The movers are scheduled, the truck is scheduled, the disassembling of the pool table is scheduled.  I’m spending the next week packing the remainder of the stuff in the house.  I only have like 17 days so I have to go to like minimum.  I have to stop being afraid to just pack it up!  No one else is going to do it so… All the packing materials came today.  So no excuses at all.  Tomorrow I start in the loft and I’m just going to work my way around.  Then I have to organize the garage!  So I am going to be crazy busy.

Birthday was kind of a success.  Even though Pete was not here….he still sent me a birthday present. (the computer was supposed to be the birthmas present but…)  The kids came over and totally surprised me with the necklace I wanted.  I honestly didn’t think he would really get it.  So I was kind of in shock!  We did Christmas too.  That was fun.  Then we ate a lot of snack food, tiramisu, cannolis, almond amaretto cake, and tiramisu gelato.  It was pretty amazing.

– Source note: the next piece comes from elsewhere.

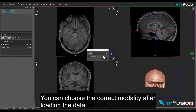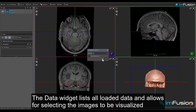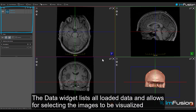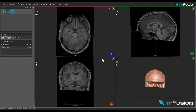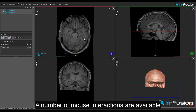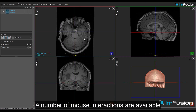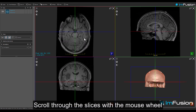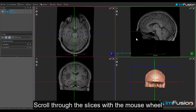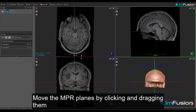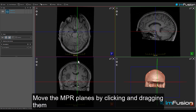You can choose the correct modality after loading the data. The data widget lists all loaded data and allows for selecting the images to be visualized. A number of mouse interactions are available: scroll through the slices with the mouse wheel, and move the NPR planes by clicking and dragging them.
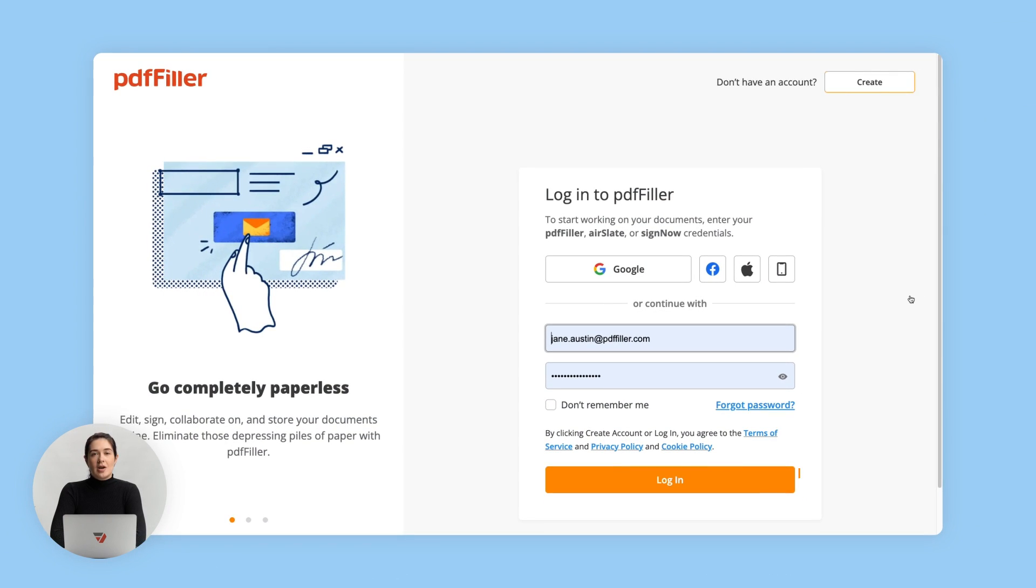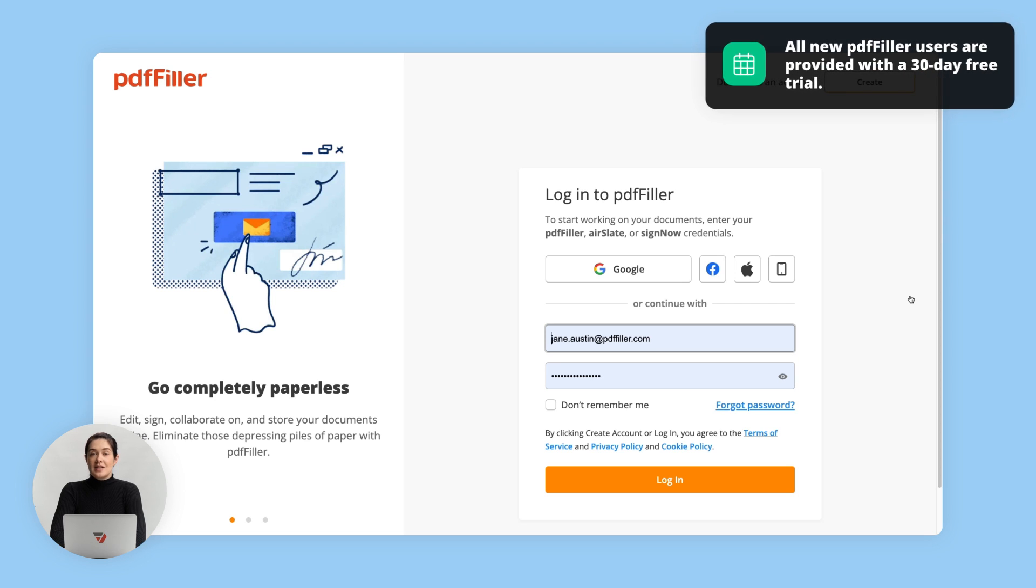To begin, log in to your PDF Filler account or register a new one. It only takes a few clicks and doesn't require downloading or installing anything on your computer.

Broke down and finally gave up my Galaxy today.  It was driving me crazy.  I am going to give this Windows Lumina 950 a shot.  See how that works out.  It’s very different than what I’m used to.  But I’m going to give it a shot.  I don’t want to get another Galaxy because it has its own issues.  I refuse to have another iPhone.  So I’m running out of options.  Pete hates his LG, but Erik loves his Nokia.  I’m totally going to live on the edge! (no pun intended)  The one thing I do wish is that it had the same apps as the desktop version.  But there was a time Andriod didn’t have as many as Apple.  So who knows.  It could be a major contender in a few years!  I just can’t do Galaxy for the same reason I won’t do iPhone.  They are out of control.  Galaxy is the iPhone of the android world in my mind.  They are too commercialized.  I’ve never been one to go along with the crowd!  Galaxy wasn’t real popular when I switched from the iPhone…now look what happened!  So maybe I can make the Windows phone the next big thing!

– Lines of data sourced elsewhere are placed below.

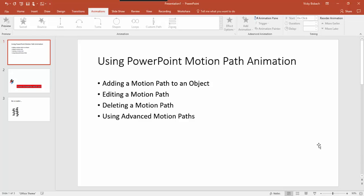In this module I'm going to show you how to use PowerPoint motion path animation. I'll start by showing you how to add a motion path to an object, we'll edit our motion path and I'll show you how to delete it as well. After that we'll go into using advanced motion path features. Motion path animation can be applied to slide objects to enhance your slides and also draw attention to specific points within it. So let's begin by adding a motion path to an object.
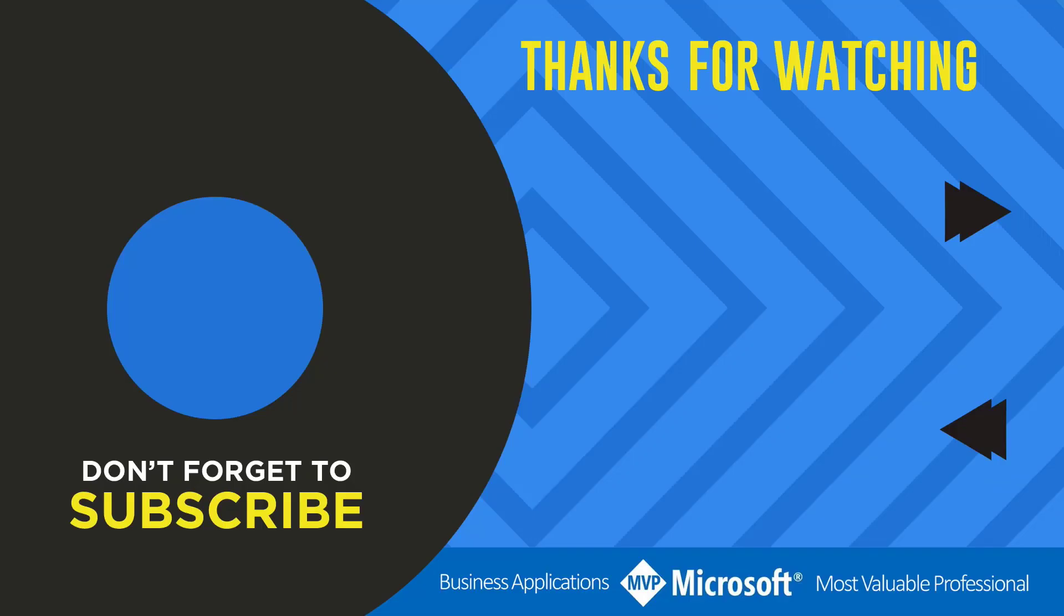Thanks for watching another video by me, Flojo. If you liked the video, don't forget to hit that like button or select a video on your screen right now to continue learning more about the Power Platform.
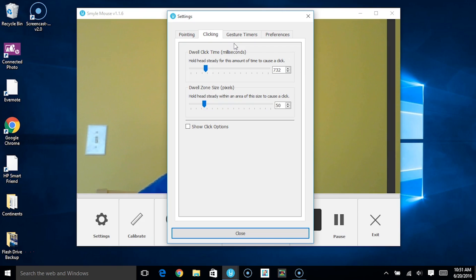In this video we'll talk about the different settings underneath the clicking tab on the settings window.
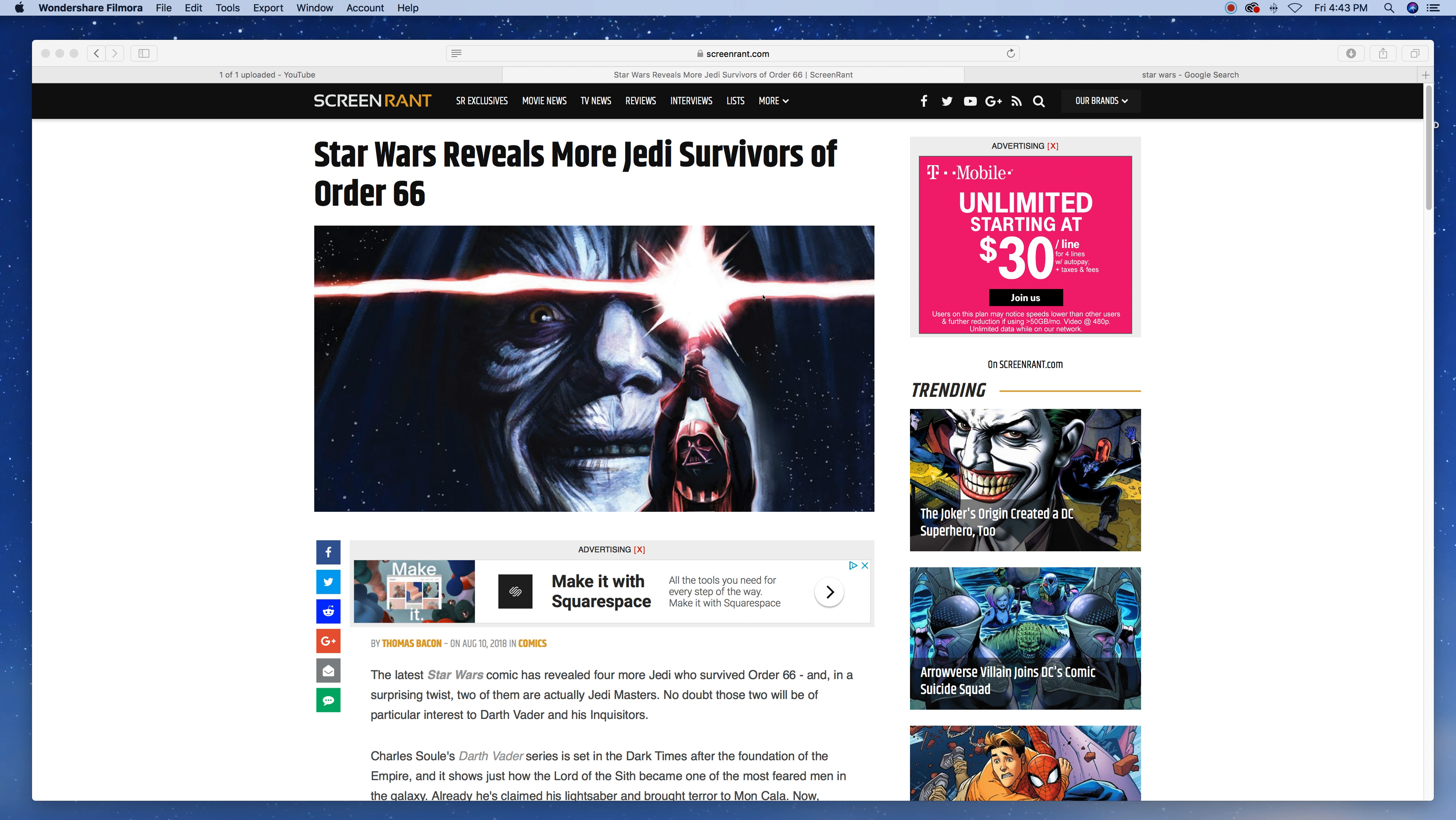What's up, YouTube? It's Designed Jedi again, and I saw this article from Screen Rant. I wanted to do a video on it.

I’m still playing with it.  Some things I really like.  Some things I think I just have to get used to.  I mean I’ve had an Andriod for quite a few years, and I really just wanted a whole new feel and experience.  Well, I’m getting that!  But I’m finding it amazing how hard it is to cross over from Google to Windows.  There are some things that work…but others that don’t.  So we’ll see if they give in and give access to some google apps (Hangouts, Chrome….why Windows 10 hates Chrome so much…)  Well…I’ll give this a couple years and see how it goes.  I do have to say, the actual phone works a lot better!  I talked to Pete and with my Galaxy he was all garbled and I couldn’t never really hear him…very frustrating.  But with the Windows phone….didn’t have that problem.  So that was nice.  And the camera is kind of cool.  Definitely pros and cons.

 

I got nuthin

Not much going on at this point.  I don’t really have anything to rant about outside the usual incompetence and ignorance of the human race.  So nothing new on this front.  All I will say on that topic is 1. you are not the only one in the world…you actually share this planet with others.  2. Read. Do research. Don’t take the word of a meme or overly zealous friend ranting on their opinion. 3. Think before you talk. And before you open your mouth think if someone was saying that to you.  How would you take your own words?

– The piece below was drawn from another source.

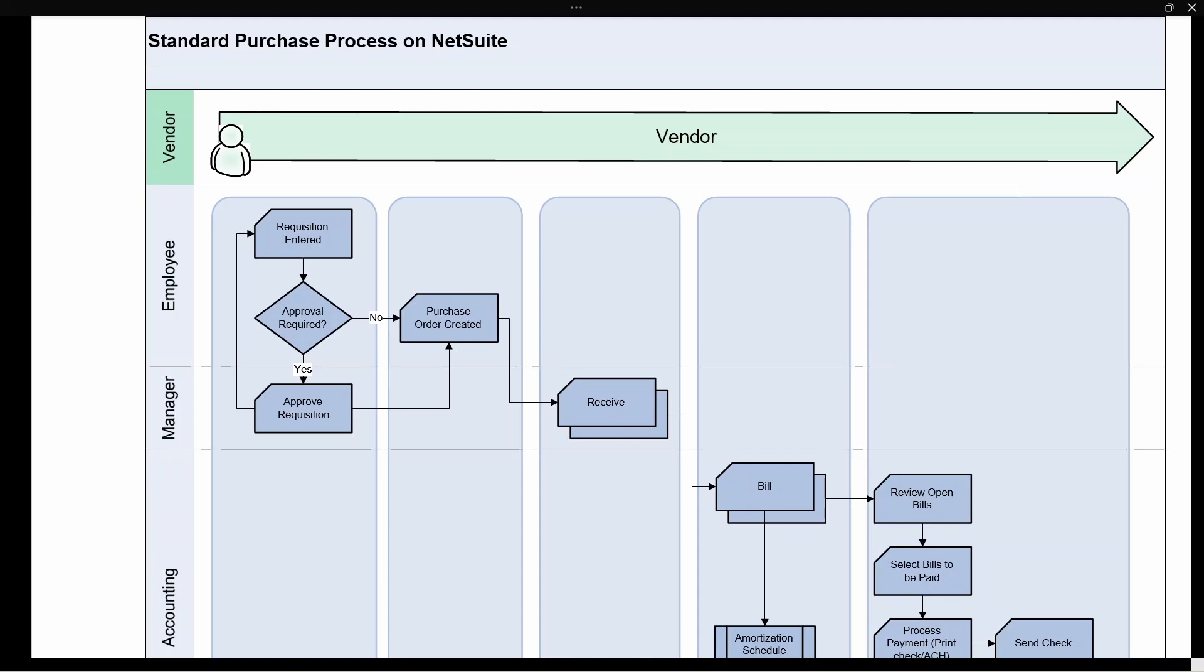But the process looks like this. So you've got an employee, he or she enters a requisition for a good or service. If it's a requisition that's within the threshold of what they're supposed to be purchasing without requiring approval, then the purchase order is created.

I think I’m done with all the holiday shopping.  Ten more days until we do our little celebration.  I have that to get excited about.  I sent out a package to Pete today.  (I just had a total deja vu moment!)  I’m still trying to decide if I’m going to decorate.  I am still totally up in the air about it.  I’ll have to see how I feel about it this weekend.  I think it’s going to come down to the fate of the universe in the next few days.

It was 69 degrees today.  Which is really weird for this time of year.  But I’m not going to complain about it.  I got the leaves all raked up today. That was fun.  A big yard is great until you have to rake that shit.  So  I don’t know if I would want to rake a yard any bigger than we have. I have a love-hate relationship with yard work at this juncture of my life.  Maybe if I was in better shape I would feel different about it.  I keep trying to look at it as the Rocky Balboa school of getting in shape.

I was supposed to go back to my cutting out the grains/wheat/dairy this week.  I’ve been so stressed over the state of the house that I did good for a day, but that was about it.  So I am going to try it again this weekend. Tomorrow I’m going to try not to be too stupid.  I really wanted ice cream (frozen yogurt) but quickly remembered every time I eat any type of frozen desert it never ends well.  So I opted for a cup of tea.  I have to get back into the state of mind of when I feel like I deserve a treat to just drink a glass of water or a cup of tea.

Let’s hope we get some good news tomorrow and I can move forward with everything!

 

PACK-RAT

I really never thought I had a problem.  I mean I save things because I like to keep what people give me.  I save things because you never know if you may need it again someday.  And I save things because when you come across it every so often it’s like getting presents!

I’m in the process of packing the house up.  And of course, you have to go through everything.  On the up side, I found my DD214 I thought I lost…and my VA loan certificate.  So it was kind of an eventful evening!  Wow.  Some of the things I keep.  I really need to go through and file everything at least.  I suppose I could do that now since I really have nothing else to do.  But most likely I will wait. It will be part of my setting up and organizing the new house when that time comes.  We must not rush into these things!

 

I’m sure there are a whole lot of things I could still get rid of.  But the fact that I am actually throwing stuff out is a good thing.  It’s a big deal for me to get rid of things.  So I’m totally going to do this in stages.  I think it’s the best solution for me at this time.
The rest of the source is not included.